Fish Oil Has Anti-Arrhythmic Effects in High-Risk Patients

Reduces risk in coronary artery disease patients at risk of sudden cardiac death

WEDNESDAY, March 26 (HealthDay News) -- Fats present in fish oil can have an anti-arrhythmic effect in patients with coronary artery disease at risk of sudden cardiac death, according to a report in the March 15 issue of the American Journal of Cardiology.

Robert G. Metcalf, Ph.D., and colleagues from Royal Adelaide Hospital in Australia, treated 12 patients with coronary artery disease undergoing defibrillator implantation with 3 g/day of encapsulated fish oil for approximately six weeks, then examined the inducibility of ventricular tachycardia.
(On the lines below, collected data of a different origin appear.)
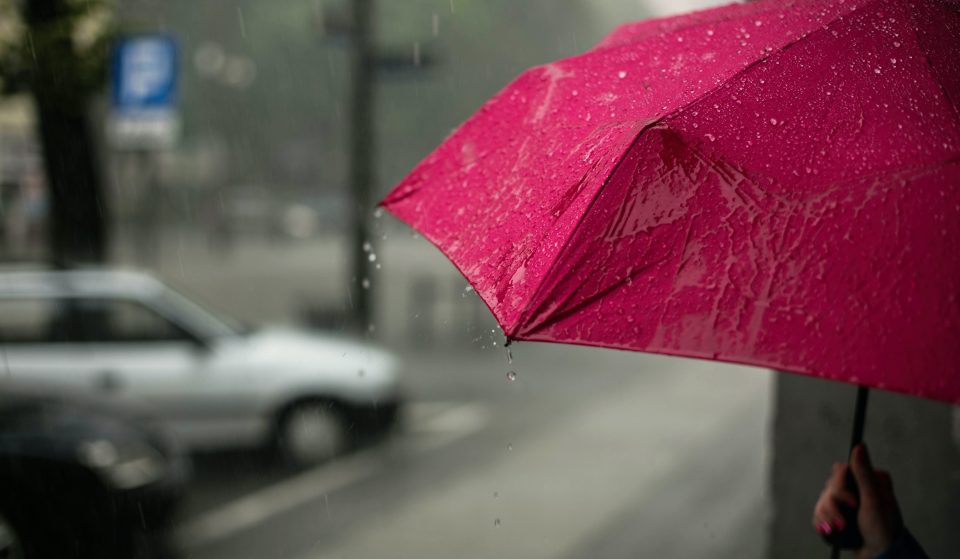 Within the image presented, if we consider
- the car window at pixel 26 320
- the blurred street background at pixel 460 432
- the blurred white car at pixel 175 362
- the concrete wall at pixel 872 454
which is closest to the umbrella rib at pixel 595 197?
the blurred street background at pixel 460 432

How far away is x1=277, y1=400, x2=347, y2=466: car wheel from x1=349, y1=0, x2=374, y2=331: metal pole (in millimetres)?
2681

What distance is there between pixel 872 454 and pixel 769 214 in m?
2.08

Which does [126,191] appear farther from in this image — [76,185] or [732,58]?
[732,58]

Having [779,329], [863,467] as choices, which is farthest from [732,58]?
[863,467]

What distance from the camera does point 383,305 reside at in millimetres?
18766

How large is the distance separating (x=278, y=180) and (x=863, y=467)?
56.0 meters

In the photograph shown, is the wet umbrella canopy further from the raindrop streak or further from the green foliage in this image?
the raindrop streak

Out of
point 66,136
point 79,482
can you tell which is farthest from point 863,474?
point 66,136

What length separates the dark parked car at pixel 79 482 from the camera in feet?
16.1

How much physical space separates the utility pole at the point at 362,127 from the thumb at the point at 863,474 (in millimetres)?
8535

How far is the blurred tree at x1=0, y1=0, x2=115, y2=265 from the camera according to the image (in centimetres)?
791

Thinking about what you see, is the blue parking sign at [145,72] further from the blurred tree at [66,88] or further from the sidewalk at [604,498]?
the sidewalk at [604,498]

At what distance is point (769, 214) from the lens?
1.53 metres

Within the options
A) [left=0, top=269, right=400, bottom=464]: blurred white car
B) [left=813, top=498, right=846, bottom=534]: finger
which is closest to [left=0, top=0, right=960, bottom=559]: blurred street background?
[left=0, top=269, right=400, bottom=464]: blurred white car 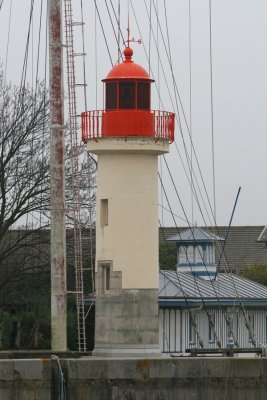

Fourteen similar patients who did not consume fish oil were used as controls.

The researchers found that in the fish oil group, more patients had no inducible ventricular tachycardia (42 versus 7 percent), more required more aggressive stimulation to induce ventricular tachycardia (42 versus 36 percent), fewer patients required identical stimulation (8 versus 36 percent), and fewer patients required less stimulation (8 versus 21 percent). Overall, the fish oil group had more non-inducible or less inducible ventricular tachycardia.

"In conclusion, dietary n-3 fatty acid supplementation decreased the inducibility of ventricular tachycardia in patients at risk of sudden cardiac death," Metcalf and colleagues conclude. "These findings suggest that dietary fish oil can have an anti-arrhythmic effect."